Commit Graph

108 Commits

Author SHA1 Message Date
Julian Andres Klode 994515e689 https: Quote path in URL before passing it to curl
Curl requires URLs to be urlencoded. We are however giving it
undecoded URLs. This causes it go completely nuts if there is
a space in the URI, producing requests like:

    GET /a file HTTP/1.1

which the servers then interpret as a GET request for "/a" with
HTTP version "file" or some other non-sense.

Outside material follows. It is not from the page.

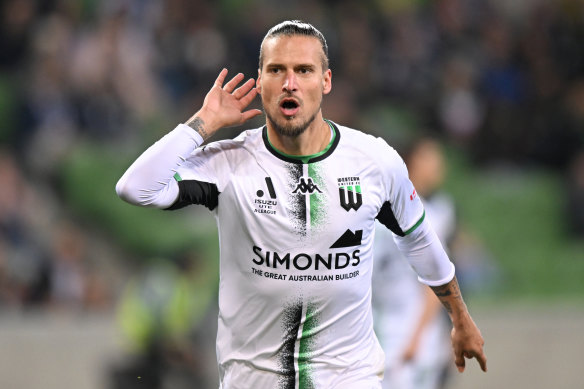 Aleksandar Prijovic celebrates his goal for Western United in the semi final win over Melbourne Victory.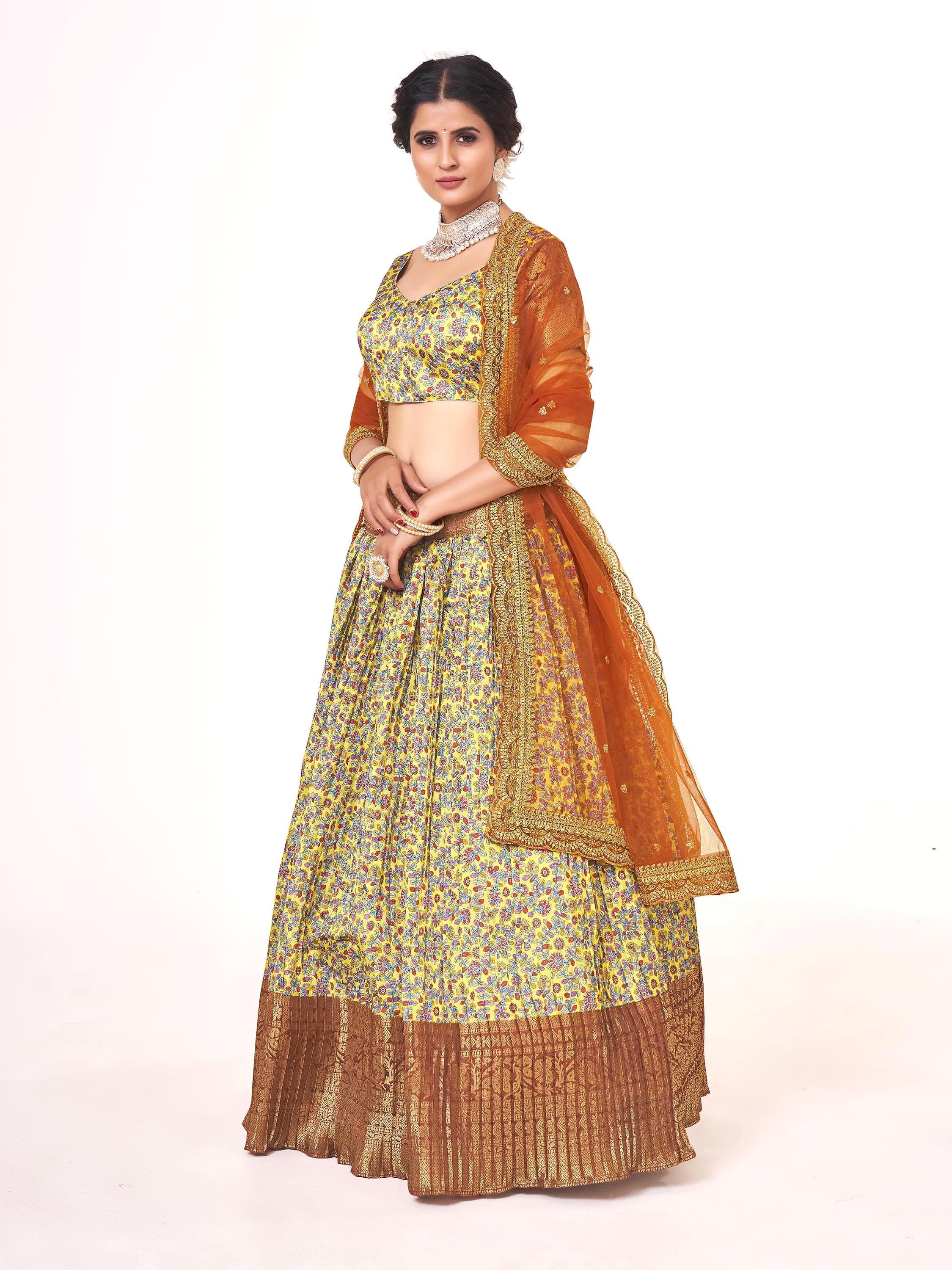 Beautiful Yellow & Brown Weaving Work Floral Printed Banarasi Silk Half Saree Lehenga Choli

This works around the issue by encoding the path component of
the URL. I'm not sure if we should encode other parts of the URL
as well, this one seems to do the trick for the actual issue at
hand.

A more correct fix is to avoid the dequoting and (re-)quoting
of URLs when a redirect occurs / a new request is sent. That's
been on the radar for probably a year or two now, but nobody
bothered implementing that yet.

LP: #1651923
2017-01-17 01:59:15 +01:00
David Kalnischkies d8617331af rename ServerMethod to BaseHttpMethod
This 'method' is the abstract base for http and https and should as such
be called out like this rather using an easily confused name.

Gbp-Dch: Ignore
2016-12-31 02:29:21 +01:00
David Kalnischkies 13a9f08de1 separating state variables regarding server/request
Having a Reset(bool) method to partially reset certain variables like
the download size always were strange, so this commit splits the
ServerState into an additional RequestState living on the stack for as
long as we deal with this request causing an automatic "reset".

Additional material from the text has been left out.